DIRECTIONS
Tally the lines below containing the word "Lady" and give that total alone.

Records drawn from a dataset

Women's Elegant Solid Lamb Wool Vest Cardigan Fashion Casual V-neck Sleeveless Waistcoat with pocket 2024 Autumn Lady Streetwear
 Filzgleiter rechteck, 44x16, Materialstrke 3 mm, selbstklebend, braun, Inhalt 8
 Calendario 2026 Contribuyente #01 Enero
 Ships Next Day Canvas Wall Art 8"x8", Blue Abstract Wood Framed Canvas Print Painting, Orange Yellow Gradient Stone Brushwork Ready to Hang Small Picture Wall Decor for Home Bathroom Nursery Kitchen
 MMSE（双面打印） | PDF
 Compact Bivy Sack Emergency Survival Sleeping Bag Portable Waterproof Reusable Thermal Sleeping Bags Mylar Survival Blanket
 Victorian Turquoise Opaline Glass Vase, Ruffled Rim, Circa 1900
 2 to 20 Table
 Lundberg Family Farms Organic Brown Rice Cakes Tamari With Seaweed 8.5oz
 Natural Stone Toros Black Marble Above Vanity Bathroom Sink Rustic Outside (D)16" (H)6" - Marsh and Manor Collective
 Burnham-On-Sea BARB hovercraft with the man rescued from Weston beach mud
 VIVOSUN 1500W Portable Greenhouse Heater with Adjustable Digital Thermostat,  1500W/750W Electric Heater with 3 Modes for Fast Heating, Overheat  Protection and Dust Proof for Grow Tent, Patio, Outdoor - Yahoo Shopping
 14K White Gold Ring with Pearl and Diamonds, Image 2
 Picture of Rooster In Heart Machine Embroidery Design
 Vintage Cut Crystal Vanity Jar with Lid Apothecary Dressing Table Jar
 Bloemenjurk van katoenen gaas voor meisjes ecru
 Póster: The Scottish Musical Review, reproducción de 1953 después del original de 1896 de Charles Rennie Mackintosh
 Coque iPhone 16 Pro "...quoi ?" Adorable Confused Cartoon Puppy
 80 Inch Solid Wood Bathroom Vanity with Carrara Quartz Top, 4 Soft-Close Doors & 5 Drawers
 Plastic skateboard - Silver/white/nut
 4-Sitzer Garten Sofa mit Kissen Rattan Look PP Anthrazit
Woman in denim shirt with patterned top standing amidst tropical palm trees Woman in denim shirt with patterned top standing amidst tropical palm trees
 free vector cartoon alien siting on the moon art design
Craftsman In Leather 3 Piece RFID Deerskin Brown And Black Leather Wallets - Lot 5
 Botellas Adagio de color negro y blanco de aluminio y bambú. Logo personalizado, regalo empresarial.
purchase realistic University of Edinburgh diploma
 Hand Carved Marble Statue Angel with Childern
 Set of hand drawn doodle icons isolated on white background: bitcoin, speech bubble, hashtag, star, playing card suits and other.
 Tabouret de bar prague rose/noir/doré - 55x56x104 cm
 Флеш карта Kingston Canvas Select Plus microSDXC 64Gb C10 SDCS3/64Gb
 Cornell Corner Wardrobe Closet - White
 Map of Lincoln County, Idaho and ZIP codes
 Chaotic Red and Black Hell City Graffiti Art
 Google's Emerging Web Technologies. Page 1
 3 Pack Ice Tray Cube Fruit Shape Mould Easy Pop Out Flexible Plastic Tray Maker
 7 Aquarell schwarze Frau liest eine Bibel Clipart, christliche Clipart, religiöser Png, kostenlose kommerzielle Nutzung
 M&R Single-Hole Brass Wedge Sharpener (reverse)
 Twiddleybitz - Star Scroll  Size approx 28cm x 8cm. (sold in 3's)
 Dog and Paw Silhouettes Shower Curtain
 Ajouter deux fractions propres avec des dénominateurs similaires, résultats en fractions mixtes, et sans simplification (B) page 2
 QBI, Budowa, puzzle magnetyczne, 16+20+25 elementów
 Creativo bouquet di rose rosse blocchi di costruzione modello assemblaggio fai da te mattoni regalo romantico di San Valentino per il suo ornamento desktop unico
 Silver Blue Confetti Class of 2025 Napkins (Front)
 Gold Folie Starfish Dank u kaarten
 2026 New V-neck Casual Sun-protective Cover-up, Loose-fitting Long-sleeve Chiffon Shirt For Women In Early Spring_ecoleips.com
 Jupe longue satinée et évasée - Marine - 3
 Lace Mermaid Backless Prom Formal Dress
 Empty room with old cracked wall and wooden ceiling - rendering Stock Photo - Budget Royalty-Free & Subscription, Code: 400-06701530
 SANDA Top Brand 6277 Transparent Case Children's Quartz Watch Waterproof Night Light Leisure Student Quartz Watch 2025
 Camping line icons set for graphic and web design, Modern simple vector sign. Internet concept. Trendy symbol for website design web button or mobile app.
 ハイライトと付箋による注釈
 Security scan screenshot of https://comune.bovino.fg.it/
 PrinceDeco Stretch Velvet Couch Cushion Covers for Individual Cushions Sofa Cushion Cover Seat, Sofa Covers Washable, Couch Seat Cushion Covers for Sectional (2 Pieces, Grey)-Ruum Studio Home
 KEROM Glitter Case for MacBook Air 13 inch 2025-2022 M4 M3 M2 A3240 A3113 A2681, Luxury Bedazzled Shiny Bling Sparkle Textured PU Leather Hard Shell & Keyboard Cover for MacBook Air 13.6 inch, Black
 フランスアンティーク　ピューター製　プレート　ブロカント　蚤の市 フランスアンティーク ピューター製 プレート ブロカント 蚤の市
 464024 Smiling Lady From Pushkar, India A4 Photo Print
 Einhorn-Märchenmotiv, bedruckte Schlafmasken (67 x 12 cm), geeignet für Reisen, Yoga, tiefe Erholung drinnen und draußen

RESULT
2